Harvard astrophysicist warns interstellar object 3I/ATLAS may be alien technology on sunbound path
| 3I/ATLAS. Image: International Gemini Observatory/NOIRLab/NSF/AURA/K. Meech (IfA/U. Hawaii). (photo credit: Processing: Jen Miller & Mahdi Zamani (NSF NOIRLab)) |
NASA said a Chilean telescope first detected the object on 1 July, with images later traced back to mid-June. The discovery was sent to the Minor Planet Center, which issued the provisional designation C/2025 Q1 (3I/ATLAS), making it the third confirmed interstellar visitor after ʻOumuamua in 2017 and comet 2I/Borisov in 2019.
3I/ATLAS is traveling at about 210,000 km/h—too fast for current spacecraft to intercept. Early size estimates ranged from 20 km in diameter to roughly seven miles for its nucleus, according to Index and Futurism, while NASA said precise dimensions remain under study.
Loeb’s paper argued that the object follows a trajectory passing Venus, Mars, and Jupiter and that its orbital plane aligns with Earth’s within five degrees, a circumstance he calculated had just a 0.2 percent chance of occurring randomly, Index reported. He conceded that 3I/ATLAS was “much more likely” a natural comet but added that some features “may indicate artificial origin,” wrote the Economic Times.
Skeptics quickly responded. “Multiple telescopes are demonstrating that it’s displaying classical signatures of cometary activity,” said Darryl Seligman of Michigan State University, according to People. Richard Moissl, head of the European Space Agency’s Planetary Defense Office, told Index there was nothing unusual in the observational data. Chris Lintott of Oxford warned through the Economic Times that the alien-technology hypothesis risked distracting researchers.
Loeb previously suggested that ʻOumuamua might resemble a light sail from an alien civilization, the Economic Times recalled. In his new manuscript he again referenced the “dark forest” hypothesis—popularized by novelist Liu Cixin—which posits that advanced civilizations might strike first to eliminate threats, Index wrote.

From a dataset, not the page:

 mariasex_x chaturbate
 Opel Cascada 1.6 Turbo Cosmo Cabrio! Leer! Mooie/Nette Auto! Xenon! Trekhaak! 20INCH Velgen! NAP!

“3I/ATLAS shows significant non-gravitational acceleration,” Loeb said, claiming that cometary outgassing alone could not account for the motion and might hint at propulsion, according to Index. He calculated that the object will pass behind the Sun relative to Earth on 29 October, making ground-based observation impossible at perihelion, Zougla reported.